Before you share, ask yourself: Can you personally translate the language being spoken? Are you equipped to research and analyze videos and photos from sources you’ve never encountered before? Although citizen journalism is often deeply valuable, it requires real skill and training to do well. Be realistic about what you’re able to do, and why.
Remind yourself that getting the story wrong has consequences. Sharing false or misleading information about a developing situation could get people hurt or killed.
Instead, spread good information and amplify reliable sources.
One of the best things you can do in a situation like this, for your own sanity and for the people who listen to you on the Internet, is to find your anchor to reality. Who are the reliable sources who post English-speaking coverage? Who can you follow and amplify to spread good information?
Journalists like Jane Lytvynenko, who is herself Ukrainian and has a background in misinformation reporting, are identifying and sharing resources for those who want to donate to support Ukrainian charities and media outlets, and providing vital context on the invasion. Others have crowdsourced a list of propaganda-laden news outlets and social media accounts to avoid. Bellingcat has a running public spreadsheet of debunked claims. The news outlet Kyiv Independent is tweeting constant updates.
“Maybe your role in this is not being the sort of beat reporter who's breaking stories for your friends,” says Caulfield. There are plenty of people doing that work who are very good at it, he says. “Maybe your role in this is finding a reputable lecture that explains what's going on … maybe it is providing people background on how Russia used disinformation in Crimea in 2014.”
If you do make a mess, clean up after yourself.

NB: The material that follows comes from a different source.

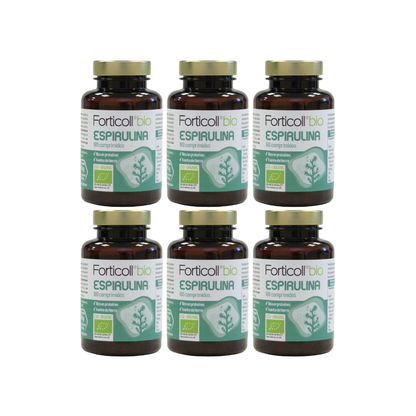 Pack 6x Espirulina Ecológica 180 comprimidos Forticoll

Anyone is capable of sharing misinformation, including experts in detecting it. If you’re going to share information about a developing situation—no matter what your role, or the size of your platform—be prepared to responsibly correct it and handle the fallout if you get something wrong.
Both Mitchell and Caulfield outlined similar best practices here: If you share bad information on Twitter, screenshot your mistake, post a correction by replying to or quote-tweeting the incorrect information, and then delete the tweet that contains the misinformation.
Although TikTok works differently, similar principles apply: delete the misinformation, acknowledge why the video was deleted, post a correction, and encourage your followers to share that correction.
Mitchell added that everyone should be prepared to take accountability for getting it wrong by reaching out to supply the correct information to those who reshared your mistake.
Consider logging off.
Sometimes when an important and horrible thing is happening in the world, looking away or taking a break feels like apathy. It’s not. Stop doomscrolling.